═════ SOURCE DATA

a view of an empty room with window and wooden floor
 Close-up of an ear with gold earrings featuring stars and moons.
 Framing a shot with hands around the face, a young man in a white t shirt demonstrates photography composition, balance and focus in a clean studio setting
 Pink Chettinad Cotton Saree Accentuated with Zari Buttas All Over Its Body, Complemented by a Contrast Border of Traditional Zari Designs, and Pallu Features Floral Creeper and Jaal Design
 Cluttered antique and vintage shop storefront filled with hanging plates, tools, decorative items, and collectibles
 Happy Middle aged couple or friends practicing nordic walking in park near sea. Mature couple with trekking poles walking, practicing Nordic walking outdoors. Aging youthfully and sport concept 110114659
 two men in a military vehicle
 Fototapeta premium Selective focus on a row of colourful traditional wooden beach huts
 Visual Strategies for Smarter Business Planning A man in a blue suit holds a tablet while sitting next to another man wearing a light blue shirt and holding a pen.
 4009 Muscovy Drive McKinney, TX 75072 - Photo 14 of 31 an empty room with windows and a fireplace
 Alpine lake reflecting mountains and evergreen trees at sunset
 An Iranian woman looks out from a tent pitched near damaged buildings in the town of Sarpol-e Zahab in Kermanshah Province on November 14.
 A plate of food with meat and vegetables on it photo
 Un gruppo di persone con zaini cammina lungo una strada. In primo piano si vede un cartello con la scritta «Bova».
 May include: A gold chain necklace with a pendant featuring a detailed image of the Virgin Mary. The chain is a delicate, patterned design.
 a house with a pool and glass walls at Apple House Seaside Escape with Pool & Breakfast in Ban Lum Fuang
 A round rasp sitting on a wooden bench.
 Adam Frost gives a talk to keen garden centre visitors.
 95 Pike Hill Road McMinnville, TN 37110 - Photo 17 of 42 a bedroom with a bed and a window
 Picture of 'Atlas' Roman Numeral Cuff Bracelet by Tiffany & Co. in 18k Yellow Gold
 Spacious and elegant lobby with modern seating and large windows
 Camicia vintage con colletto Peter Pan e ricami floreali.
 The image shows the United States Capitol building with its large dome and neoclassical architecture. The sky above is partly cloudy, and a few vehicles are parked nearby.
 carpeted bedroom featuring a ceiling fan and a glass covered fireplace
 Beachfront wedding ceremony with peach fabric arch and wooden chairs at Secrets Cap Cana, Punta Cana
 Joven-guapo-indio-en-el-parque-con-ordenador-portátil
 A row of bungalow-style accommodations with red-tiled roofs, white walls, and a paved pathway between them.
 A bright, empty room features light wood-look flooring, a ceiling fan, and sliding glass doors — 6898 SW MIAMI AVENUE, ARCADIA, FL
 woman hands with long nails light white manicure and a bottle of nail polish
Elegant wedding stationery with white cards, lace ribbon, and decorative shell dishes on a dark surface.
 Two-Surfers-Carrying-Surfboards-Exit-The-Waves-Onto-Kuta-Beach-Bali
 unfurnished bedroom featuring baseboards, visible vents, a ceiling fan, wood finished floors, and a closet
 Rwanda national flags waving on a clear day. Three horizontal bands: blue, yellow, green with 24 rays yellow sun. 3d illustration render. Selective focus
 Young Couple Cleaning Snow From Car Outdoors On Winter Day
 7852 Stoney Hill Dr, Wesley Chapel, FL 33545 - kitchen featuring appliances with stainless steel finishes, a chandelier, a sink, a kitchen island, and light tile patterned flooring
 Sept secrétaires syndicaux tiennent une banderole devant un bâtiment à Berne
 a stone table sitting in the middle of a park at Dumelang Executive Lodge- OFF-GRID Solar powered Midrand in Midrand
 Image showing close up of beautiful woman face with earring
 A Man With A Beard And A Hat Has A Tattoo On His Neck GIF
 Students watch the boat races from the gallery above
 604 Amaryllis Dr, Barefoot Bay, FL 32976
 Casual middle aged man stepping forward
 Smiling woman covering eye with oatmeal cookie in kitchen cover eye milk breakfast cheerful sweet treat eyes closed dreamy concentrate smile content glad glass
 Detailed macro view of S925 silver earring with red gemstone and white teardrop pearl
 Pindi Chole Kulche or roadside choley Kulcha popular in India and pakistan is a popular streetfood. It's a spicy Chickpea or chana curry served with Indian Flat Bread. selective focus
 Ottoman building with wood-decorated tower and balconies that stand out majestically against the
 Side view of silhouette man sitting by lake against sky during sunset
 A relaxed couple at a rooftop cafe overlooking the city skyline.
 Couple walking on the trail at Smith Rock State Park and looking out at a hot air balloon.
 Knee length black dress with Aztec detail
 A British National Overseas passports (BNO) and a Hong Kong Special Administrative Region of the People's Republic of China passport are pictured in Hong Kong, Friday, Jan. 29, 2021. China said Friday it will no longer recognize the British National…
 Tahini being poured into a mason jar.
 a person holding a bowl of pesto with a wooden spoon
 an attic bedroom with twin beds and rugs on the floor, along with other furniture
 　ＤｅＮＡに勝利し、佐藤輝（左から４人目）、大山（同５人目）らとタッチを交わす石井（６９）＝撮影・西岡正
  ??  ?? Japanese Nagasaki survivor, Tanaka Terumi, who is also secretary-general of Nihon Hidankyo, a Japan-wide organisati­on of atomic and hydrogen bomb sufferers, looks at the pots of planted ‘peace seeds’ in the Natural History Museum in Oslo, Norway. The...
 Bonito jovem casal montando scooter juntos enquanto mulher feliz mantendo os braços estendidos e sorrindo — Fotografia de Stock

══════════

WHAT TO WORK ON: Scan the entries above for the line containing "Elegant wedding stationery", and copy it and all lines after it exactly, down to and including the line containing "Casual middle aged man stepping forward".

RESULT FOR THIS EXERCISE:
Elegant wedding stationery with white cards, lace ribbon, and decorative shell dishes on a dark surface.
 Two-Surfers-Carrying-Surfboards-Exit-The-Waves-Onto-Kuta-Beach-Bali
 unfurnished bedroom featuring baseboards, visible vents, a ceiling fan, wood finished floors, and a closet
 Rwanda national flags waving on a clear day. Three horizontal bands: blue, yellow, green with 24 rays yellow sun. 3d illustration render. Selective focus
 Young Couple Cleaning Snow From Car Outdoors On Winter Day
 7852 Stoney Hill Dr, Wesley Chapel, FL 33545 - kitchen featuring appliances with stainless steel finishes, a chandelier, a sink, a kitchen island, and light tile patterned flooring
 Sept secrétaires syndicaux tiennent une banderole devant un bâtiment à Berne
 a stone table sitting in the middle of a park at Dumelang Executive Lodge- OFF-GRID Solar powered Midrand in Midrand
 Image showing close up of beautiful woman face with earring
 A Man With A Beard And A Hat Has A Tattoo On His Neck GIF
 Students watch the boat races from the gallery above
 604 Amaryllis Dr, Barefoot Bay, FL 32976
 Casual middle aged man stepping forward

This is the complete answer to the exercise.